**Exercise aim:**
Would you please transcribe the listing exactly, with no images?
- Opening Delimiter -
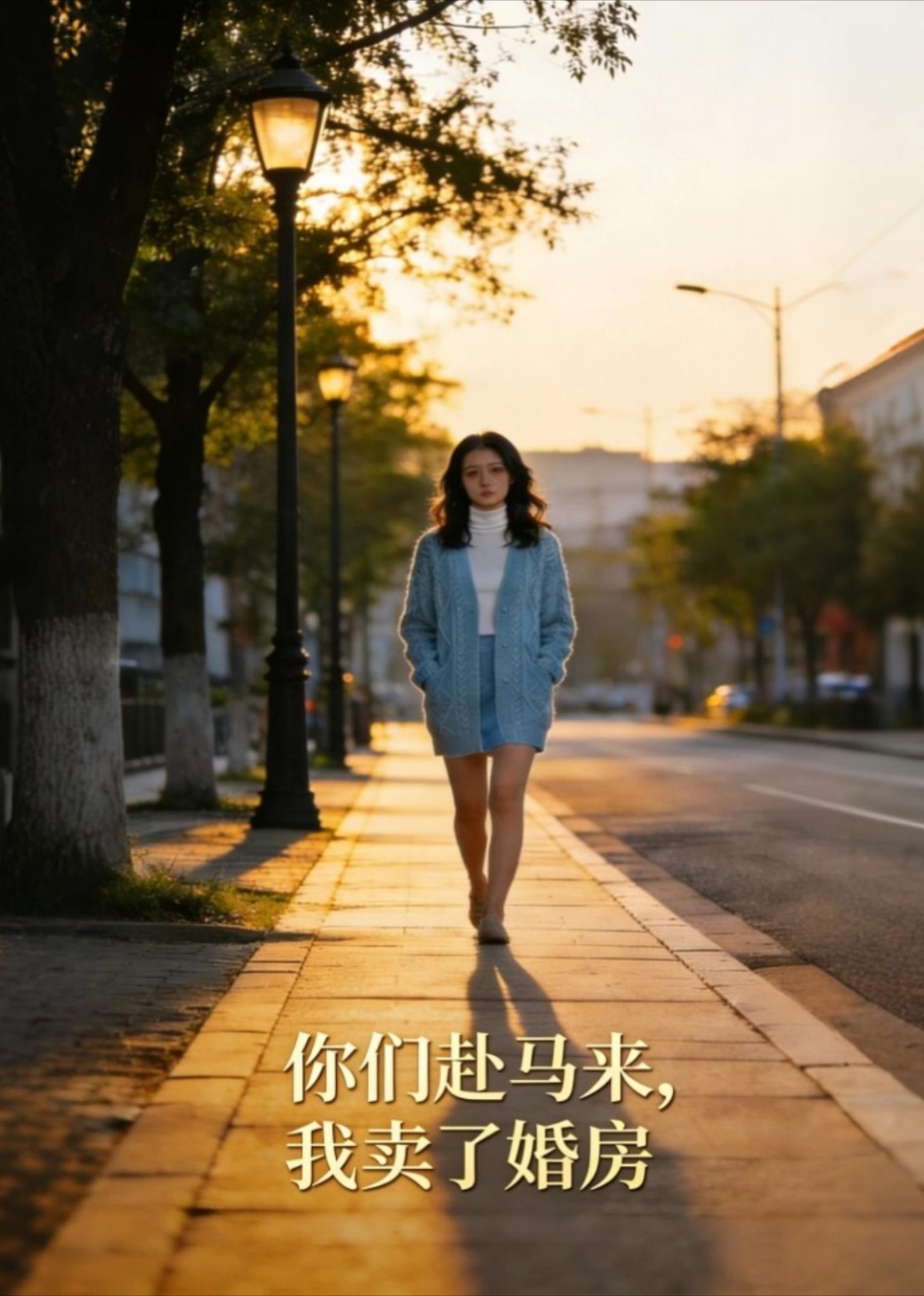 你们赴马来，我卖了婚房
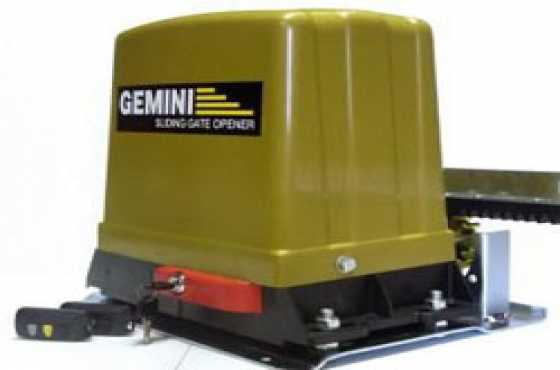 Gemini DC Sliding gate automation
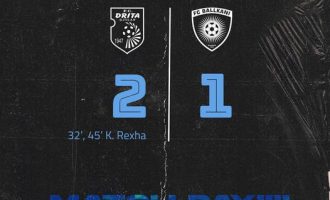 Drita fiton derbin ndaj Ballkanit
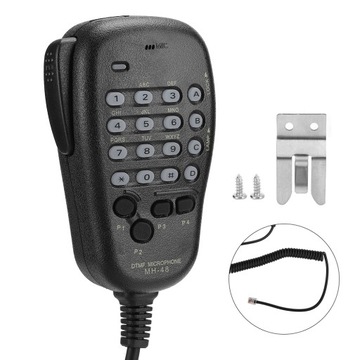 Mh-48 dtmf 6pin handheld microphone for Yaesu compatible equipment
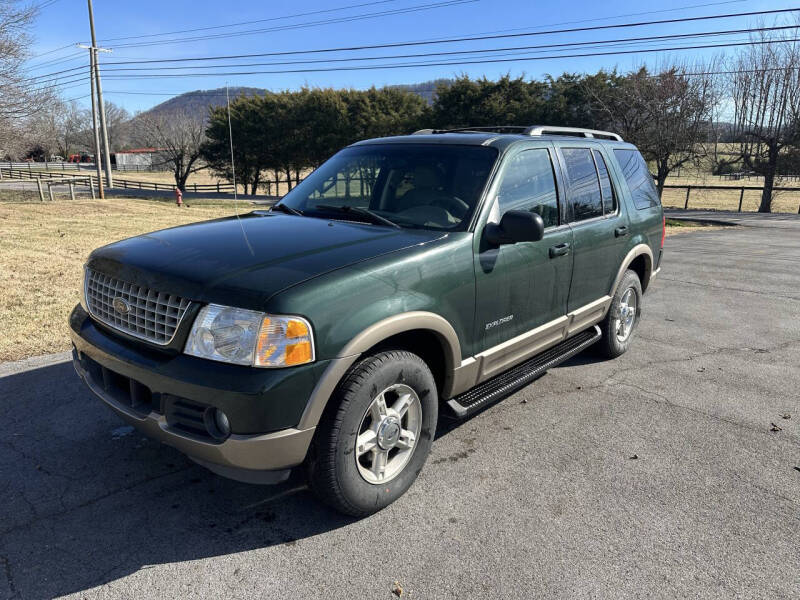 2002 Ford Explorer Eddie Bauer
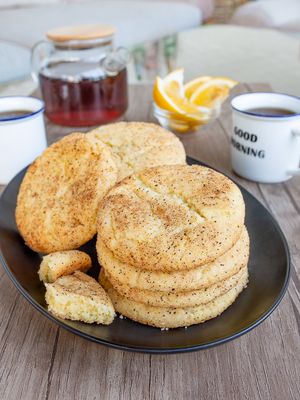 Snickerdoodle Cookies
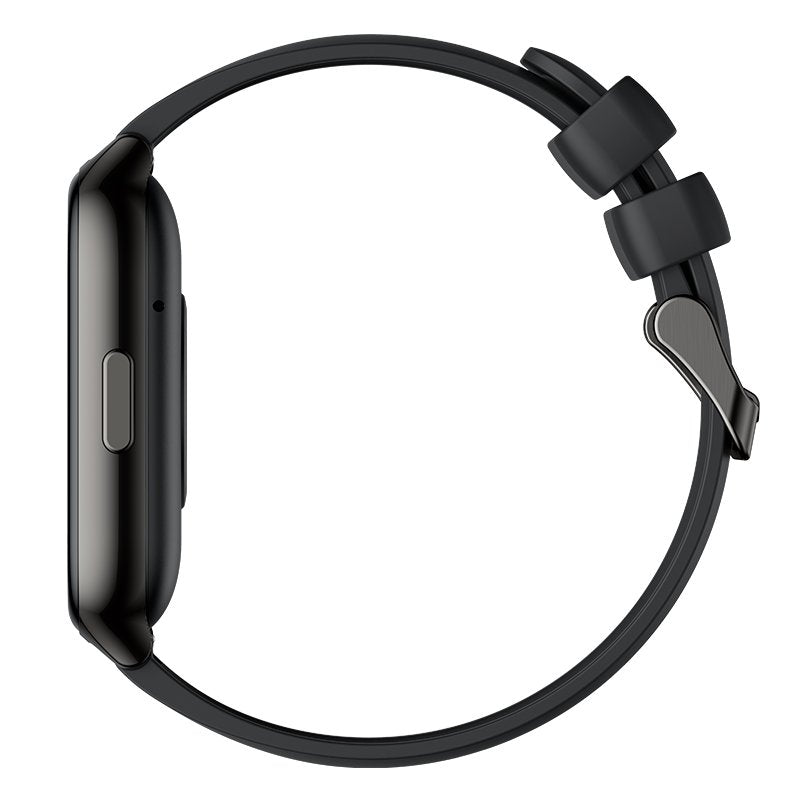Smartwatch COOL Nova Silicone Preto (Chamadas, Esporte, Saúde)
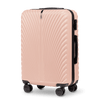 Walizka Średnia WINGS SWAN 24" PINK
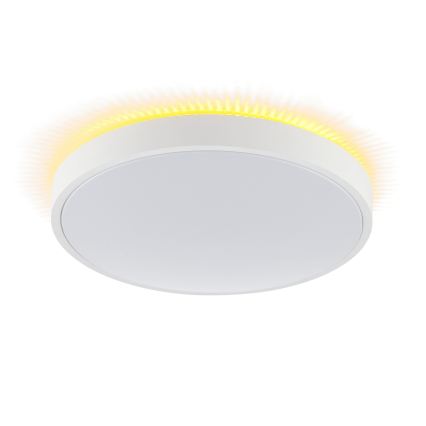 Brilliant - LED Stropní svítidlo SOLISTRA LED/18W/230V pr. 34,5 cm bílá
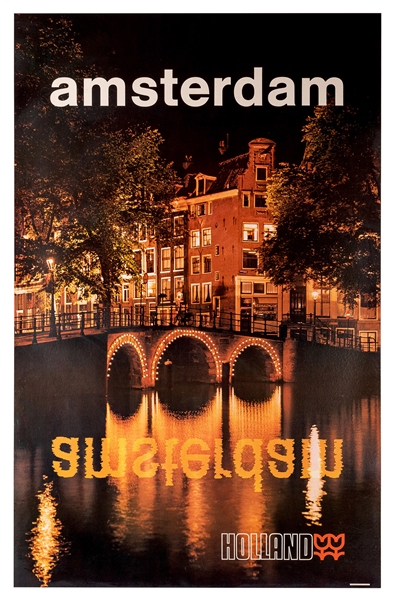 Amsterdam. Holland. Netherlands, ca. 1980s. 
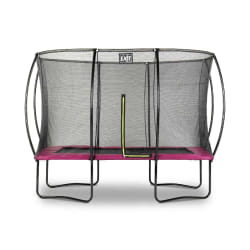 EXIT Trampoline Silhouette 214x305cm - rose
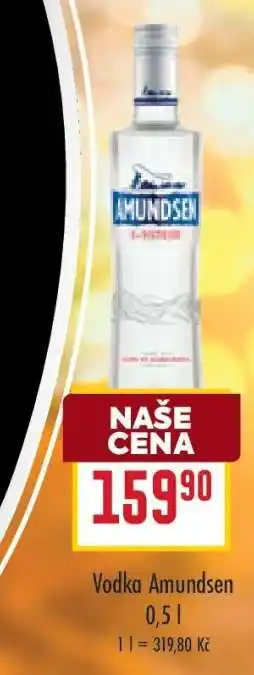 Billa VODKA AMUNDSEN nabídka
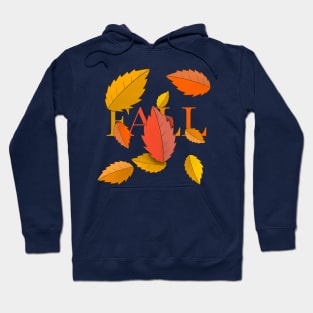 The colors of fall Hoodie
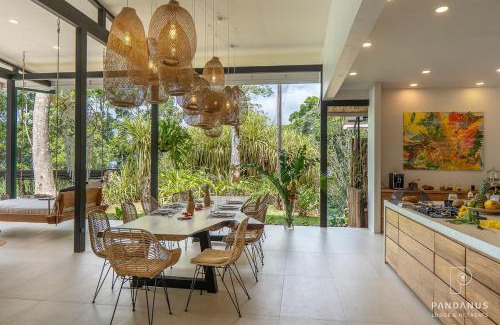 Penjamo Apartamento | Pandanus Lodge & Retreats Bungalow Orchidee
- Closing Delimiter -
**Task output:**
 你们赴马来，我卖了婚房
 Gemini DC Sliding gate automation
 Drita fiton derbin ndaj Ballkanit
 Mh-48 dtmf 6pin handheld microphone for Yaesu compatible equipment
 2002 Ford Explorer Eddie Bauer
 Snickerdoodle Cookies
Smartwatch COOL Nova Silicone Preto (Chamadas, Esporte, Saúde)
 Walizka Średnia WINGS SWAN 24" PINK
 Brilliant - LED Stropní svítidlo SOLISTRA LED/18W/230V pr. 34,5 cm bílá
 Amsterdam. Holland. Netherlands, ca. 1980s. 
 EXIT Trampoline Silhouette 214x305cm - rose
 Billa VODKA AMUNDSEN nabídka
 The colors of fall Hoodie
 Penjamo Apartamento | Pandanus Lodge & Retreats Bungalow Orchidee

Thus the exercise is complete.